Problem Description PusherBoy is an online game http://www.hacker.org/push . There is an R * C grid, and there are piles of blocks on some positions. The goal is to clear the blocks by pushing into them.

You should choose an empty area as the initial position of the PusherBoy. Then you can choose which direction (U for up, D for down, L for left and R for right) to push. Once the direction is chosen, the PusherBoy will walk ahead until he met a pile of blocks (Walking outside the grid is invalid).
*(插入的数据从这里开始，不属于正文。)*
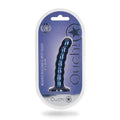 Ouch! Beaded Silicone 5 " G-Spot Dildo Metallic Blue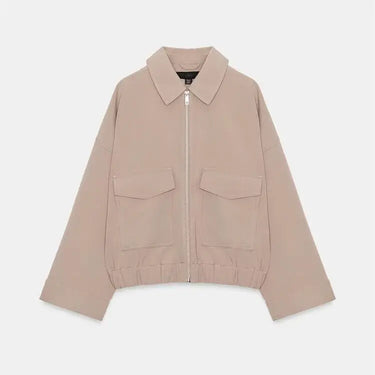 Sweet style pocket embellished jacket for spring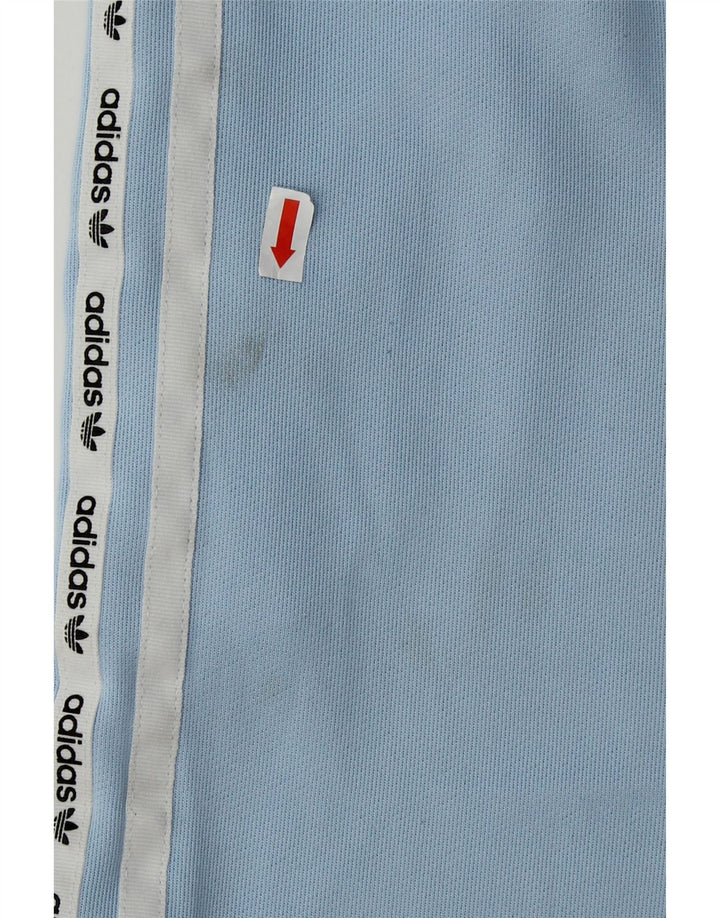 ADIDAS Boys Graphic Sport Shorts 13-14 Years  Blue Polyester Vintage Adidas and Second-Hand Adidas from Messina Hembry 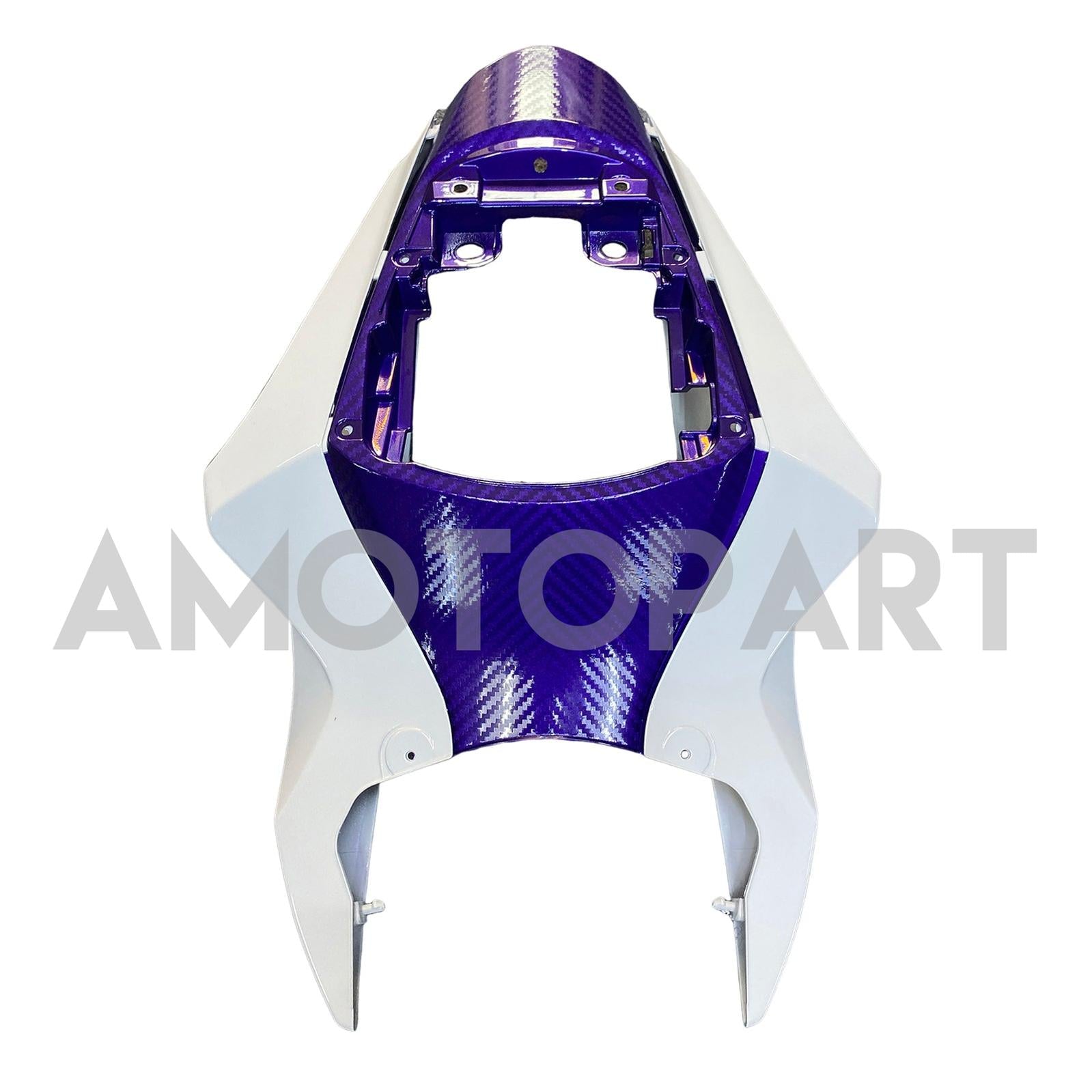 Amotopart 2011-2025 K11 GSXR 600/750 Suzuki Blue&White Style3 Fairing Kit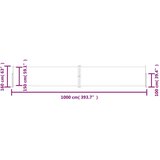 vidaXL Zložljiva stranska tenda modra 160x1000 cm | Shoptok.si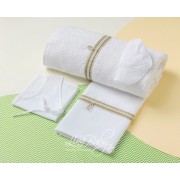 Λαδόπανο Σετ Ολίβιος | Olivios - Lina Baby 1581-1 λευκό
Then he remove one block from the pile (so if the pile contains only one block, it will become empty), and push the remaining pile of blocks to the next area. (If there have been some blocks in the next area, the two piles will form a new big pile.)
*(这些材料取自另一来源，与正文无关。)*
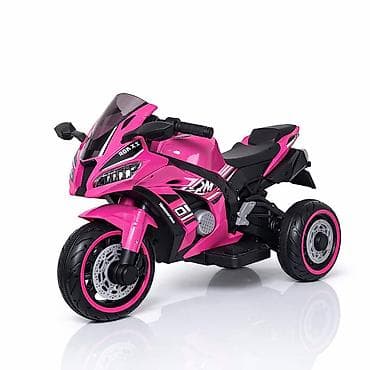 vespa za decu na akumulator: Motor NINJA 2.0 Roze – Veliki dečiji motor na akumulator na 3 točka — 2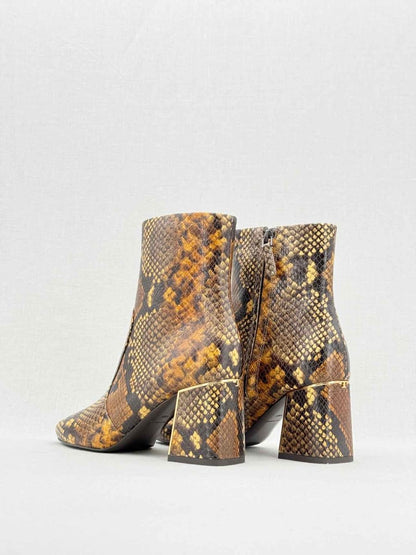 Pre - loved TORY BURCH Gigi Brown Size EU 36.5 Ankle Boots at Reems Closet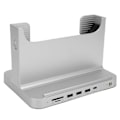 Miniatyrbillede 3 af 8: Vertikal PC-stativ 8 i 1 dockingstation Stabil signaltransmission Mini PC-stativ til OS X Office-grænsefladeudvidelse Sølvfarve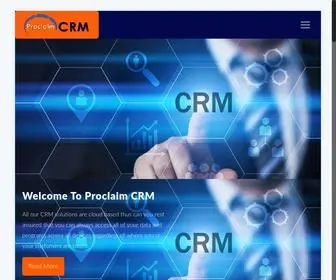 Proclaimcrm.com(Home new) Screenshot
Please note if the pusher is right up against the block, he can't remove and push it. That is, there must be a gap between the pusher and the pile. As the following figure, the pusher can go up, but cannot go down. (The cycle indicates the pusher, and the squares indicate the blocks. The nested squares indicate a pile of two blocks.)

And if a whole pile is pushed outside the grid, it will be considered as cleared.
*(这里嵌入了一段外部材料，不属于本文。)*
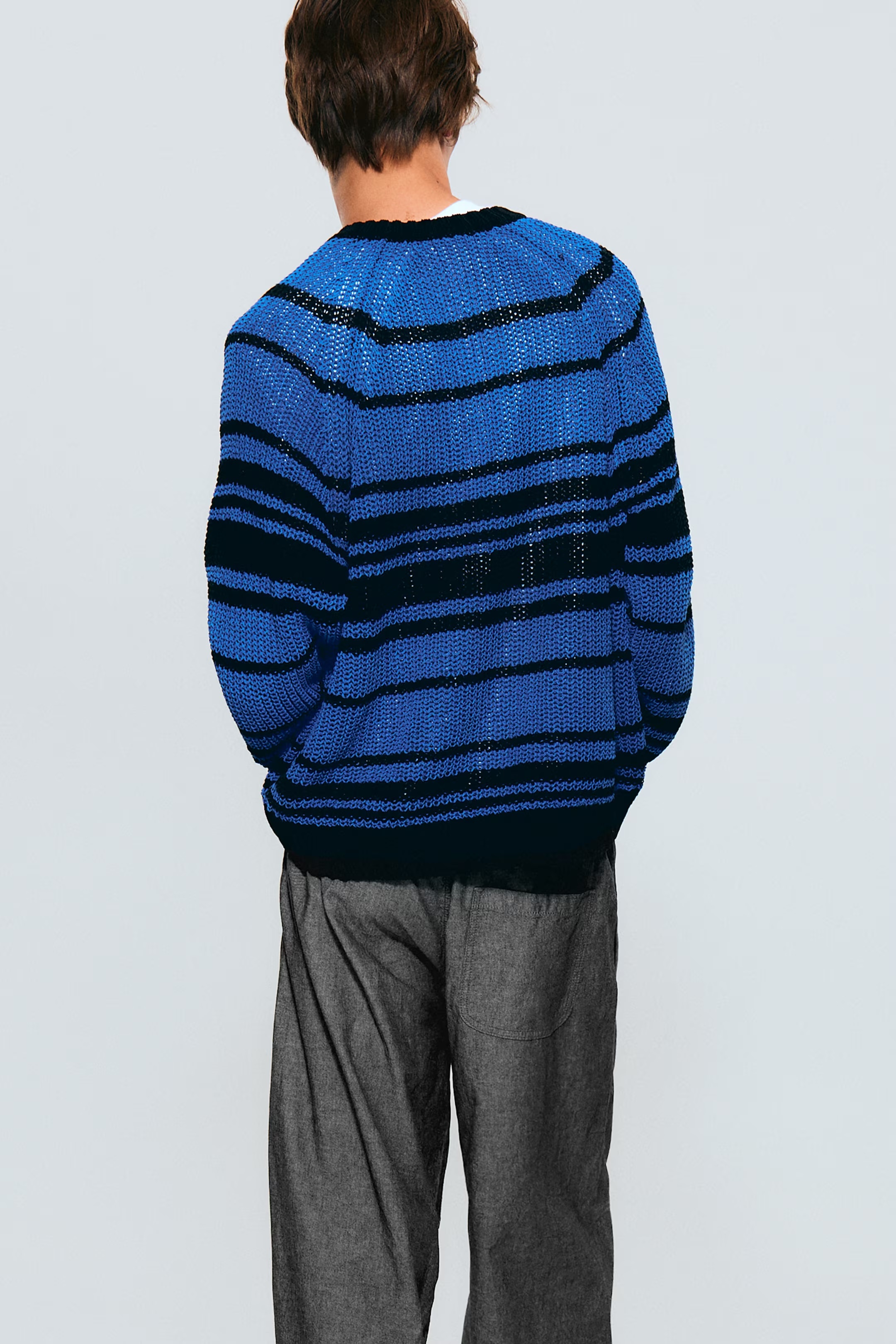OEM ODM Striped Knit Sweater for Men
Input There are several test cases in each input. The first two lines of each case contain two numbers C and R. (R,C <= 25) Then R lines follow, indicating the grid. '.' stands for an empty area, and a lowercase letter stands for a pile of blocks. ('a' for one block, 'b' for two blocks, 'c' for three, and so on.)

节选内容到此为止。